Luz has had a rough life in Mexico. Taken as property by one outrageous thug and traded to another, El Principe. She’s been beaten, imprisoned, and has lived her life drugged and numb to help her forget who she is, what she is, and the things she’s lost. While she’s lost so much, nothing has hurt her worse then knowing she has a daughter somewhere in the United States. It’s this fact that helps her sober up and form a plan to escape her imprisonment and reunite with her daughter. She never knew it would lead to a .45, two dead bodies and a bag full of cash.

Right off the bat I was hooked on Richard Lange’s latest novel “Angel Baby”. Luz is instantly wrapped up in suspense as we watch her deeds unfold in chaos. Then we get a glimpse of her owner, a vicious Mexican drug lord who has every cop in his pocket, thousands of eyes on the street, and enough power to stretch his arms across the border into the states if necessary to get back what’s his.

As the novel progresses we meet the other players in this fantastic tale. A burnt out gringo named Malone who gets paid to help those looking for a better life across the border, as long as their willing to pay. Malone is living day to day, drunk out of his mind when sobriety isn’t needed for a job. The liquor is his only escape from a dark past that haunts him and makes him pray for death when he’s dry.

Jeronimo is a former gang banger from Los Angeles that moved to Mexico to get away from trouble. He landed a job with Luz’s owner as an enforcer and spent his days performing acts he now finds despicable now that he’s settled down and has a family. He only has a couple of years left on his sentence before he can get back to them, but it’s not long before his old boss has him sprung from prison to go after Luz. The stakes are high and El Principe won’t take no for an answer. Jeronimo knows he has no other choice but to track Luz down, be it Mexico or the states.

Finally we wrap up the cast with Thacker, a rouge border agent that’s lost it all and has found a relatively cushy job scaring border crossers out of their money or coming to other terms if they have none. He’s a man who can be bought and whose goodwill has dried up and died inside of him.

Every new character that pops up in the novel is simply shrouded with this idea that they can be redeemable, and it’s here where you get caught up in the story. Weather it’s El Principe showing his true colors when it comes to Luz, Malone on the verge of finding a reason to be alive, Jeronimo edging the borders of what might very well be his true self, or Thacker’s past, which makes him a former good guy, just having fallen on tough times.

You want some of these characters to fight against their nature, be either good, or become the evil their characters keep flirting with. You have the scenario’s in which we find all of our characters and the anxiety those cause when proceeding through the novel. You want things to go well, but you also feel this guilty tinge that you want them to get by, but just barely.

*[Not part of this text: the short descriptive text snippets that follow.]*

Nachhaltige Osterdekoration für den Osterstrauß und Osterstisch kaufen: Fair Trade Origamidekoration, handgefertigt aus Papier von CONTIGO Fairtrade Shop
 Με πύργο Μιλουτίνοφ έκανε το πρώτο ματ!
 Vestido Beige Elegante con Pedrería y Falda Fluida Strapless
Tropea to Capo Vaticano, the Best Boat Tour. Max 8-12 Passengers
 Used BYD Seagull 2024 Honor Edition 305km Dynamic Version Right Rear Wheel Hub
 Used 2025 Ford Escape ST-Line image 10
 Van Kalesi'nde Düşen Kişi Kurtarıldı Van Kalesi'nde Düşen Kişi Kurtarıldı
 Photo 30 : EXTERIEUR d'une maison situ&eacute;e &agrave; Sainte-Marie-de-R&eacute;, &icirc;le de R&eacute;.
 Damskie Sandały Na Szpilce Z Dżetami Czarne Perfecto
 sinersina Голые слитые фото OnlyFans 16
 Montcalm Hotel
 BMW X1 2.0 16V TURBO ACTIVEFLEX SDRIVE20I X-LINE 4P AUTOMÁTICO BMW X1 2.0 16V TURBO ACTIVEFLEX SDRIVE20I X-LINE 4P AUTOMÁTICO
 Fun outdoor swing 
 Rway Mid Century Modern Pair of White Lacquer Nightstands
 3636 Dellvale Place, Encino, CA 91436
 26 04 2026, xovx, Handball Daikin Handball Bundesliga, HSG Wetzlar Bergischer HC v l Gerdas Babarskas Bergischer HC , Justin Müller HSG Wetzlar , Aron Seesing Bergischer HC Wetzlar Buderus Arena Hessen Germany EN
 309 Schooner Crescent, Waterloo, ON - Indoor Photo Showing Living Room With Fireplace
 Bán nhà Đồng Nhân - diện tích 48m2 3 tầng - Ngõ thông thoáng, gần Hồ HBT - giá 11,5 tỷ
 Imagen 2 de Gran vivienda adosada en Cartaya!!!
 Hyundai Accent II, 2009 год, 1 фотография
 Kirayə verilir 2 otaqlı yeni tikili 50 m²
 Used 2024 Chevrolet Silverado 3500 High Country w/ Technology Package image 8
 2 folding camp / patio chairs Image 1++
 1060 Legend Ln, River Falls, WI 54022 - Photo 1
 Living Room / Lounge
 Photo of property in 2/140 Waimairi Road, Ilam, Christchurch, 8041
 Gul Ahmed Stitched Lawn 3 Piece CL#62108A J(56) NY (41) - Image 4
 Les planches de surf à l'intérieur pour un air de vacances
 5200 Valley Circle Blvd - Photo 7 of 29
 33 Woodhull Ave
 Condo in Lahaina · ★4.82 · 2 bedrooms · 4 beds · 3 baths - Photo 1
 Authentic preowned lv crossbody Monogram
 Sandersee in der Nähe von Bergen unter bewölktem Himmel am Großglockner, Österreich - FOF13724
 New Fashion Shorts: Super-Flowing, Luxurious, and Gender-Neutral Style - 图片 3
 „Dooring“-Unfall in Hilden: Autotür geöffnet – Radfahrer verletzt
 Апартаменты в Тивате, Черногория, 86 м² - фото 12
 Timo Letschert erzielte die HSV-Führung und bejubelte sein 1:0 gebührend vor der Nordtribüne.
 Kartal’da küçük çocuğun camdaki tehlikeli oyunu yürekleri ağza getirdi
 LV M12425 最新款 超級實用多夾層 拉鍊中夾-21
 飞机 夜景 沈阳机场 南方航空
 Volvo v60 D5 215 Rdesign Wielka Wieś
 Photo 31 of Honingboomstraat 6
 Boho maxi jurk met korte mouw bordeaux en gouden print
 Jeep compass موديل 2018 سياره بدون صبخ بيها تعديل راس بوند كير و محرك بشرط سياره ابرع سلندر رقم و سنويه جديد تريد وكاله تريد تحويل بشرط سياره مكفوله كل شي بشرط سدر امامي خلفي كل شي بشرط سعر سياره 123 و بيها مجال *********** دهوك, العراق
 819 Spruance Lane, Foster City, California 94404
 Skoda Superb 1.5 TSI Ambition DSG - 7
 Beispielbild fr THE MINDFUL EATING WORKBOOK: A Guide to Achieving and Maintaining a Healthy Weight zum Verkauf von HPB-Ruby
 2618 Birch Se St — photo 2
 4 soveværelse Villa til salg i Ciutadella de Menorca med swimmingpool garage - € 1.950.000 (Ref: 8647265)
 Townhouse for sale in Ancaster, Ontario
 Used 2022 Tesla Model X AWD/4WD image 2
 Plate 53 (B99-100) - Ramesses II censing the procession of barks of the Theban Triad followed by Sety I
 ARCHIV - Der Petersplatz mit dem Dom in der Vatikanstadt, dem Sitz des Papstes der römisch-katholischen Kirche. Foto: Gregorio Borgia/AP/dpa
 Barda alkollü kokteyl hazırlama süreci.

Lange delivers the novel with a very smooth masterstroke that sets up the world of Angel Baby the way you want a bleak cold world. No punches are pulled for the sake of brevity, our villains are disgusting, despicable, and monstrous, but you just have to come to the conclusion as to who is a monster and who is not. It could be a main character or it could be a fleshed out background character that some may or may not put stock into.

In the end it’s simply a, let me use this cliché, rollercoaster ride. The novel never lets up, giving you something to hope for, someone to root for, and all the violence you can handle. While not ultraviolet, it’s certainly no young adult novel. Well worth checking out.